====== SOURCE RECORDS ======

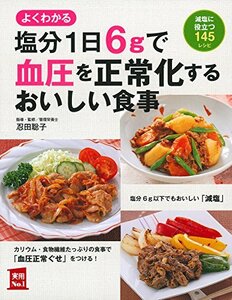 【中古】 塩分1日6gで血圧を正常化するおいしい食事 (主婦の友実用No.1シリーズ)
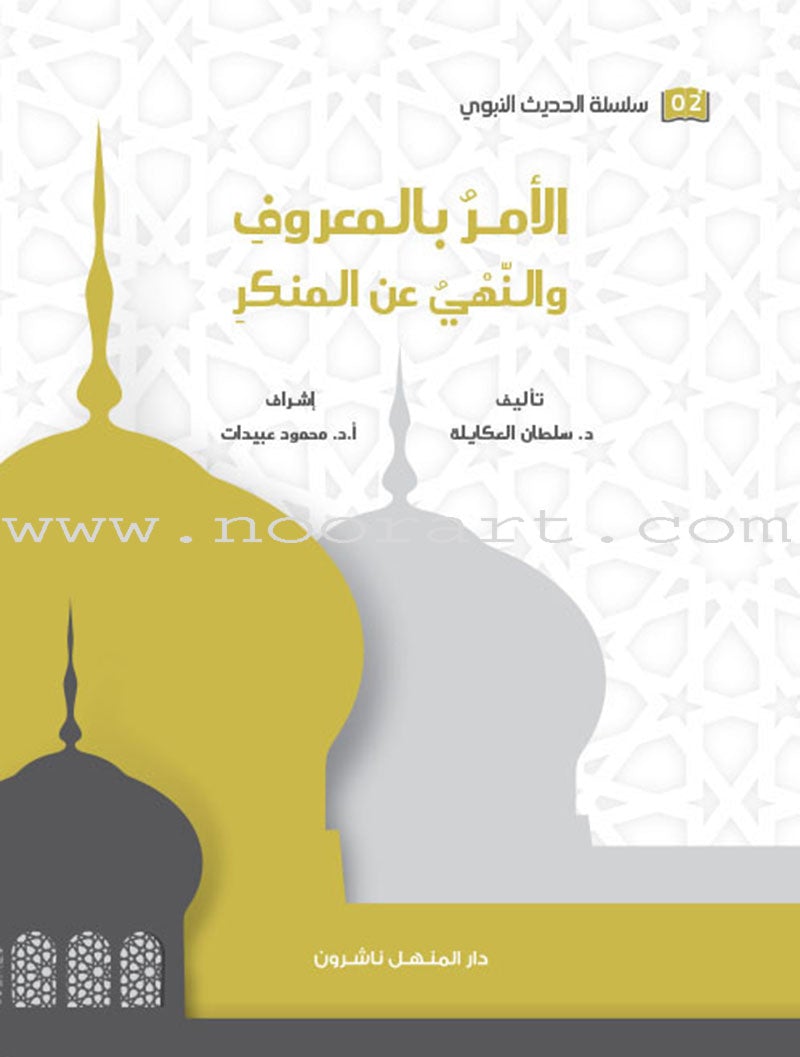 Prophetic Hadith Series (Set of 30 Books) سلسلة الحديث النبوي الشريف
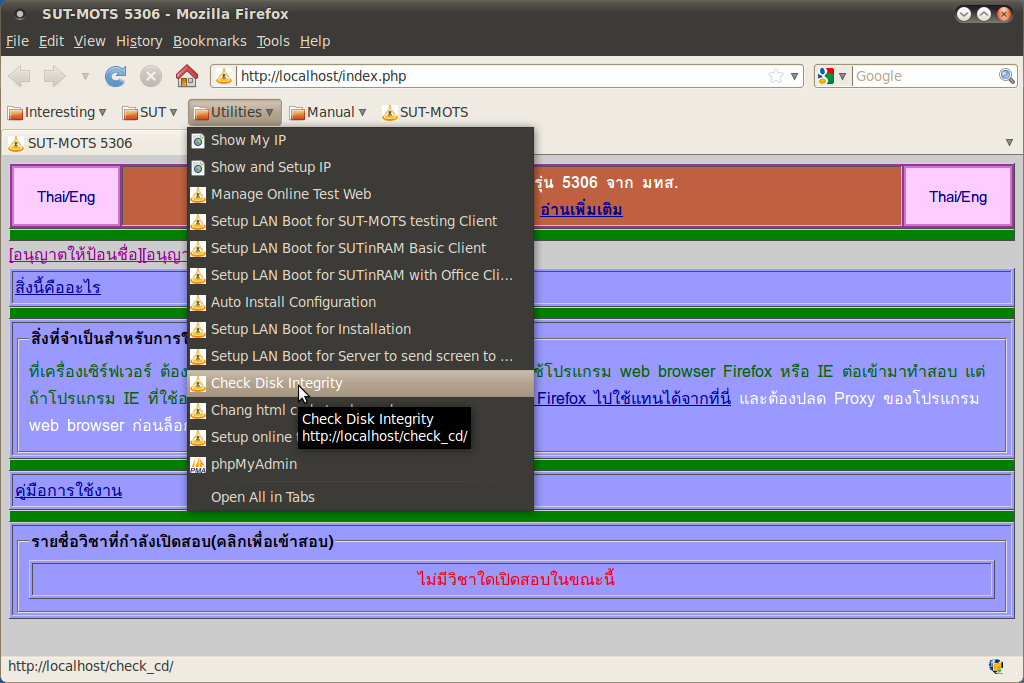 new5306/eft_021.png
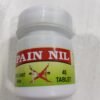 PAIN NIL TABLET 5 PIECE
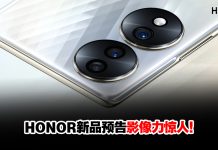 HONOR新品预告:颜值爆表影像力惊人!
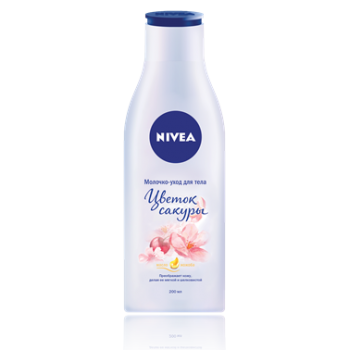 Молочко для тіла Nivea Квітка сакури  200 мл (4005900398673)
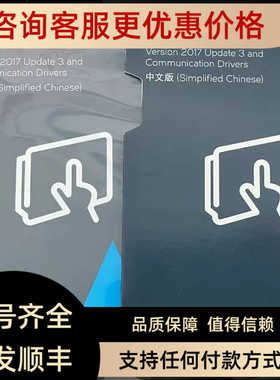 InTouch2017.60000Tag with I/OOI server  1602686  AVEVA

======

◆ WORK ITEM: When you restate the listing above, give each line word for word but leave out every image.

◆ ANSWER SPACE:
 【中古】 塩分1日6gで血圧を正常化するおいしい食事 (主婦の友実用No.1シリーズ)
 Prophetic Hadith Series (Set of 30 Books) سلسلة الحديث النبوي الشريف
 new5306/eft_021.png
 PAIN NIL TABLET 5 PIECE
 HONOR新品预告:颜值爆表影像力惊人!
 Молочко для тіла Nivea Квітка сакури  200 мл (4005900398673)
 InTouch2017.60000Tag with I/OOI server  1602686  AVEVA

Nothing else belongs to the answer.